• _WHAT YOU SHOULD DO_: Apart from the pictures, which must be omitted, restate the data exactly.

Image-caption web data:

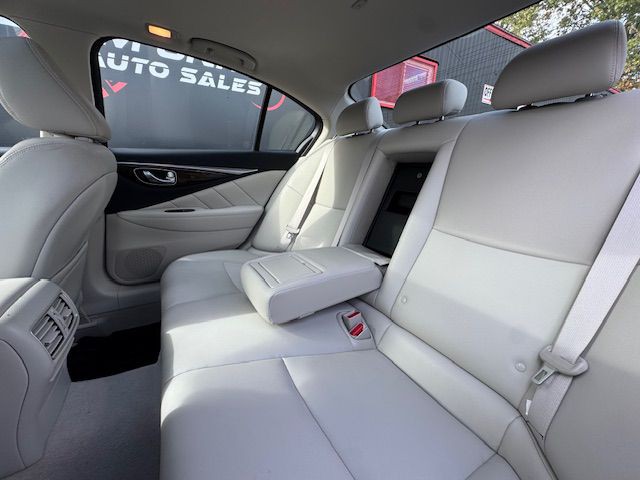 2018 INFINITI Q50 Image 16
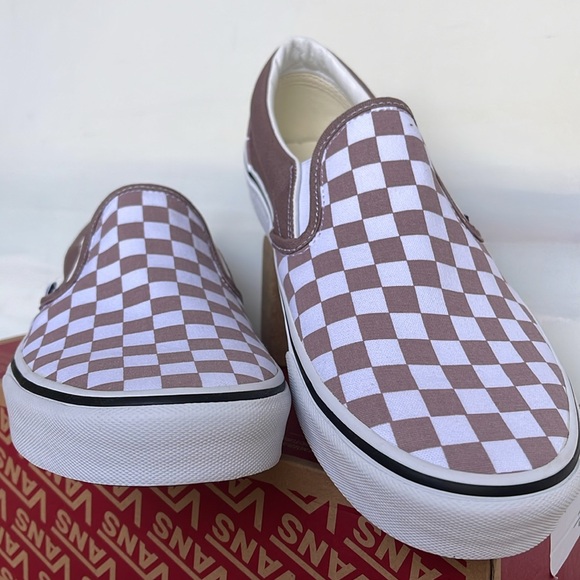 Vans Men’s Classic Slip-On
Color Theory Checkerboard
VN000BVZC9|
Sneakers - Picture 7 of 16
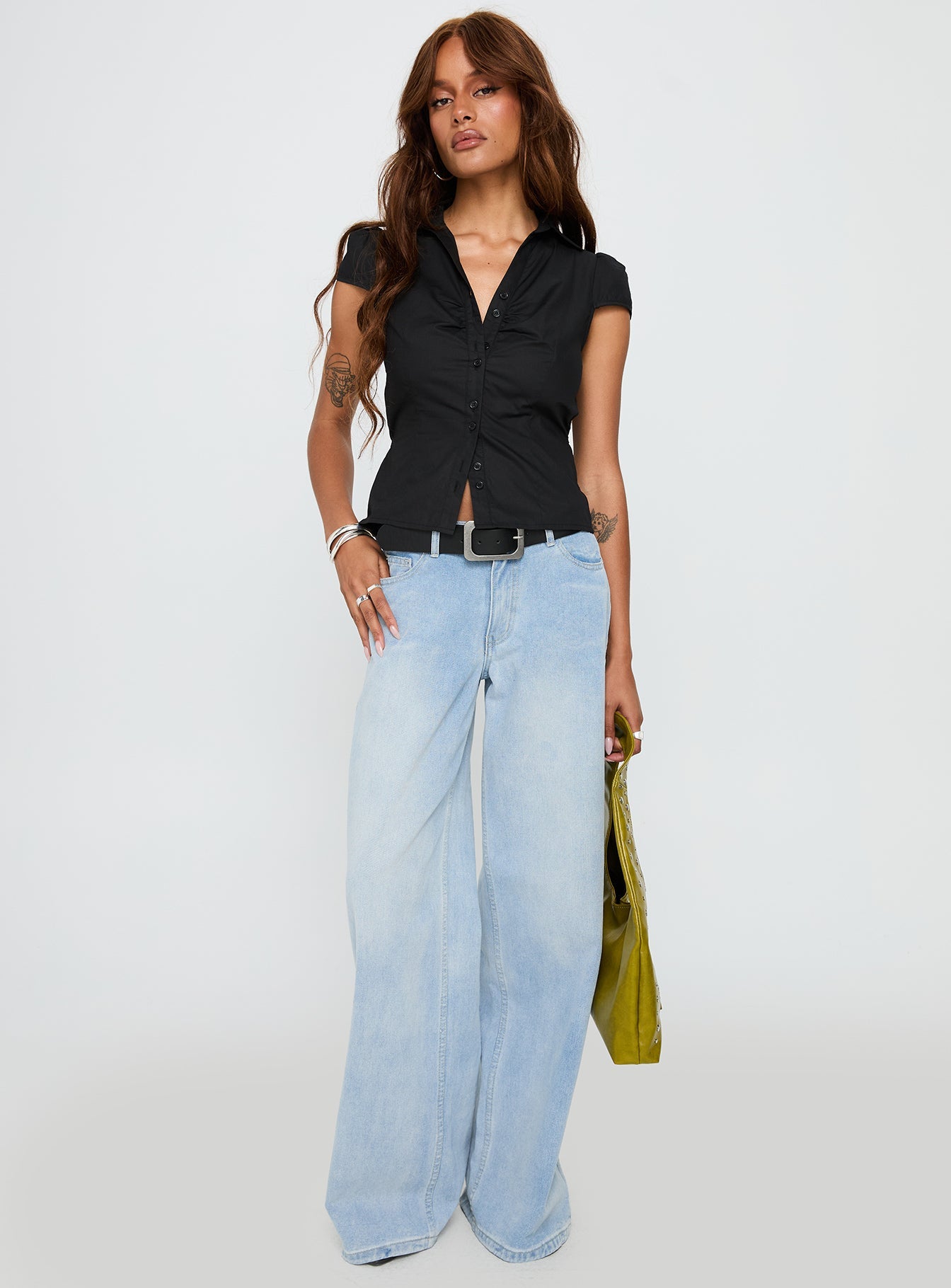 Collective Tops - Arianwyn Short Sleeve Shirt Black sixth image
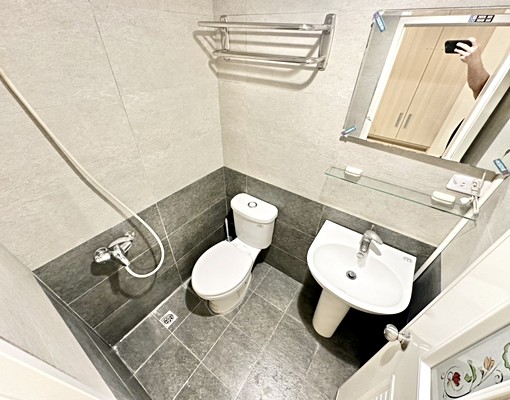 🉑雙租補✨近新光遠百✨生活機能好✨陽台獨洗曬✨格局方正✨ - Image 8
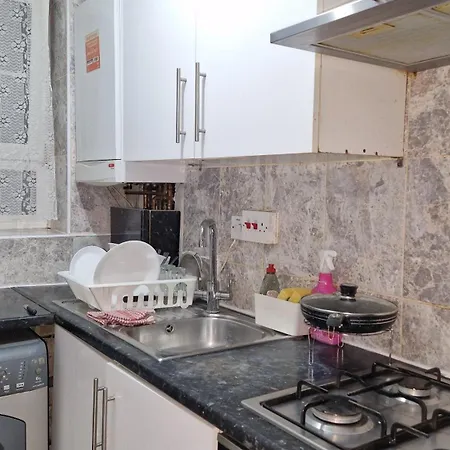 Apartment The Cosy Newcourt House, 6-sleeper - 15 Minutes From Zone 1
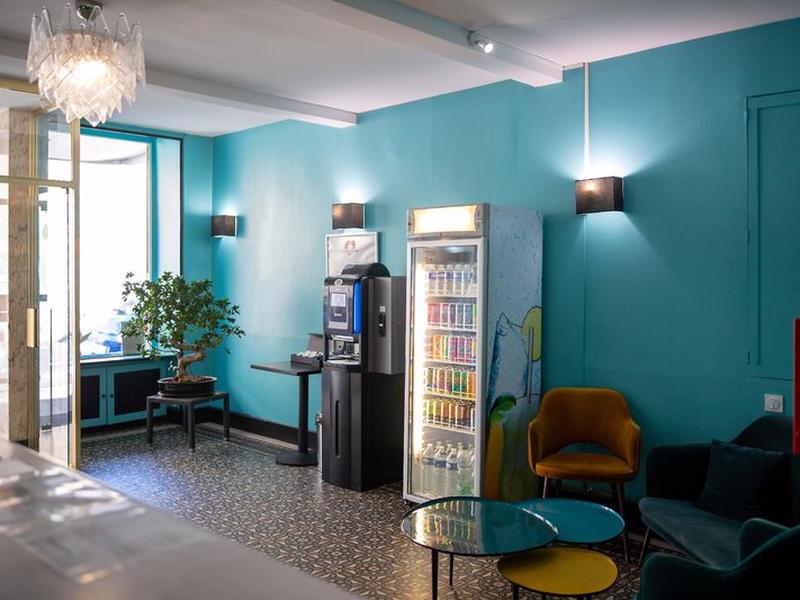 6EE88CB1DE2C81FF8431423315989324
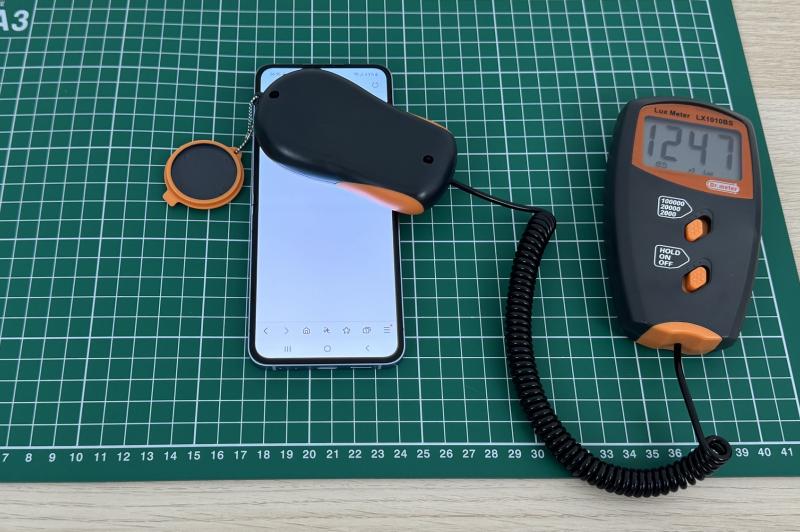 Samsung Galaxy Z Flip6 - Test luminozitate: Samsung-Galaxy-Z-Flip6-Test-Ecran (2).jpg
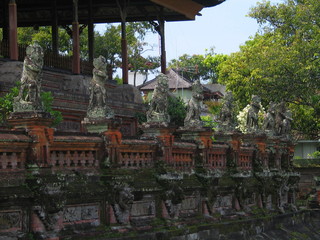 Bali. Templo hindu con estatuas balinesas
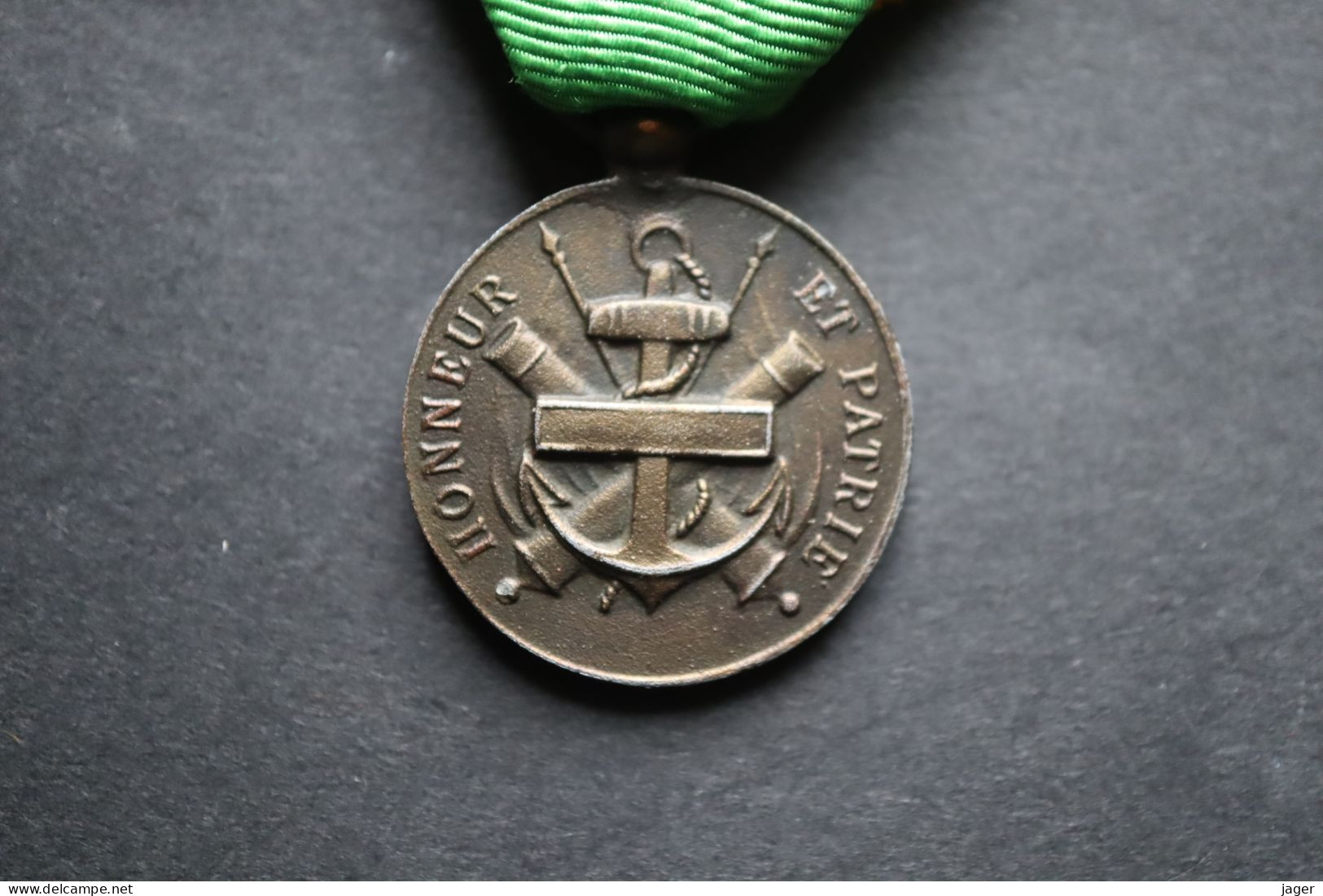 Médaille Ancienne Médaille HONNEUR ET PATRIE Ancien Combattant - France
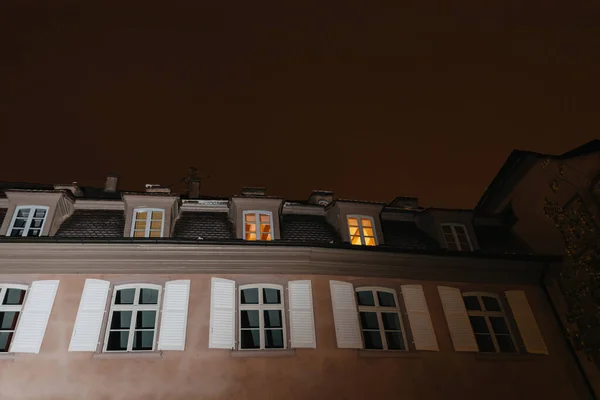 Μια Νυχτερινή Θέα Ενός Σπιτιού Φωτίζεται Από Την Απαλή Λάμψη — Φωτογραφία Αρχείου
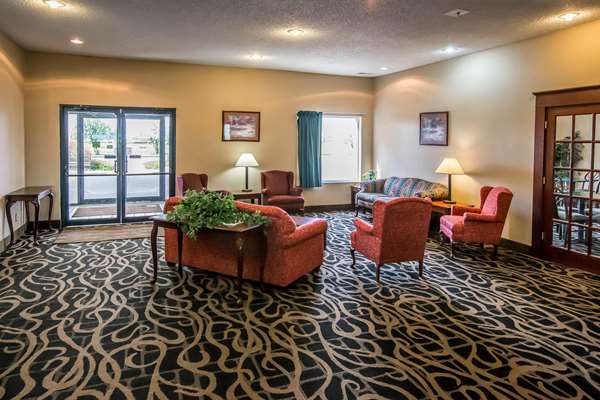  - Quality Inn & Suites Mendota - I-39, Exit 72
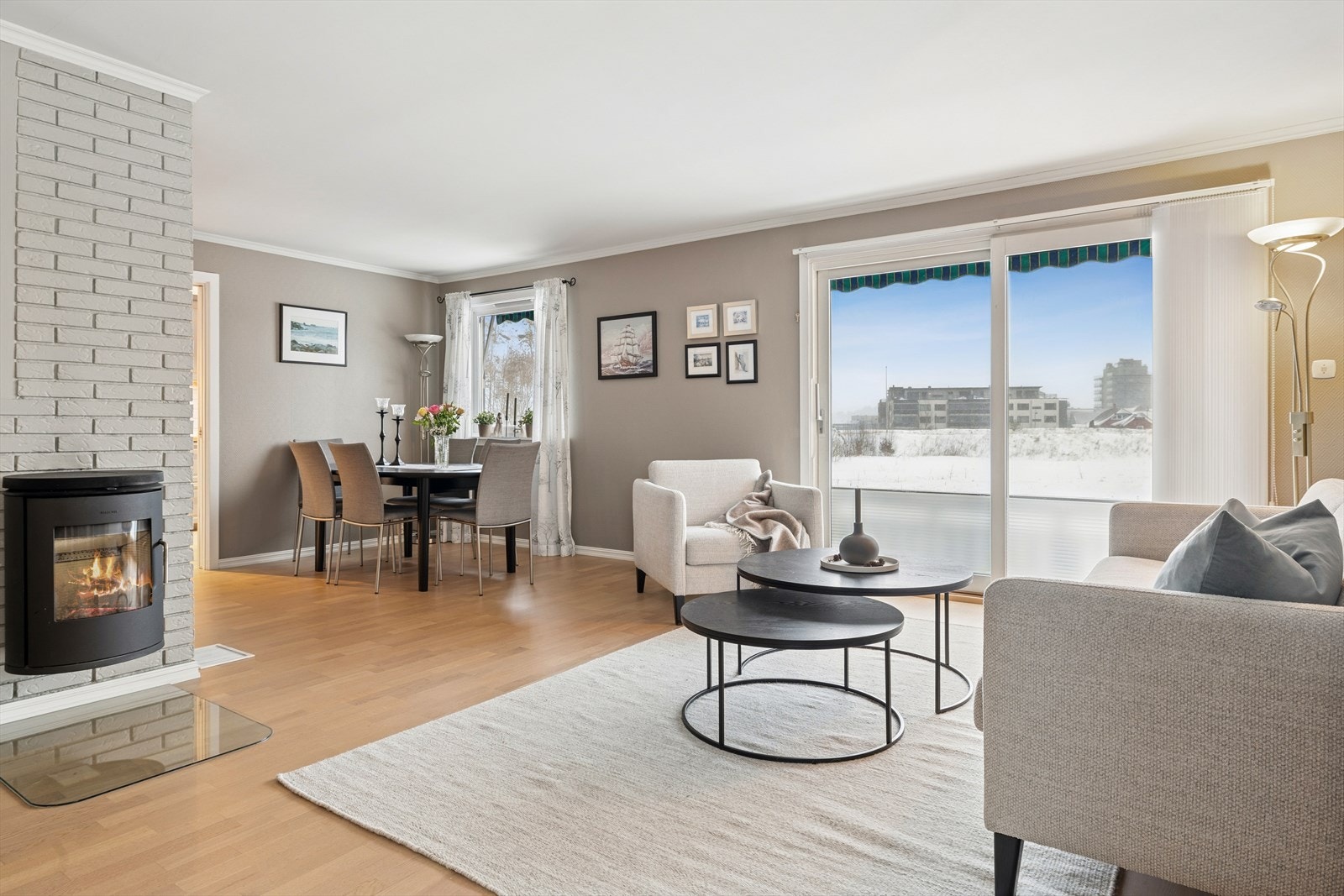 Stue. Det gjøres oppmerksom på at fotballhall blir reist på nabotomt i front av boligen, se salgsoppgave for utfyllende informasjon. Galleribilde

• _SOLUTION_:
 2018 INFINITI Q50 Image 16
 Vans Men’s Classic Slip-On
Color Theory Checkerboard
VN000BVZC9|
Sneakers - Picture 7 of 16
 Collective Tops - Arianwyn Short Sleeve Shirt Black sixth image
 🉑雙租補✨近新光遠百✨生活機能好✨陽台獨洗曬✨格局方正✨ - Image 8
 Apartment The Cosy Newcourt House, 6-sleeper - 15 Minutes From Zone 1
 6EE88CB1DE2C81FF8431423315989324
 Samsung Galaxy Z Flip6 - Test luminozitate: Samsung-Galaxy-Z-Flip6-Test-Ecran (2).jpg
 Bali. Templo hindu con estatuas balinesas
 Médaille Ancienne Médaille HONNEUR ET PATRIE Ancien Combattant - France
 Μια Νυχτερινή Θέα Ενός Σπιτιού Φωτίζεται Από Την Απαλή Λάμψη — Φωτογραφία Αρχείου
  - Quality Inn & Suites Mendota - I-39, Exit 72
 Stue. Det gjøres oppmerksom på at fotballhall blir reist på nabotomt i front av boligen, se salgsoppgave for utfyllende informasjon. Galleribilde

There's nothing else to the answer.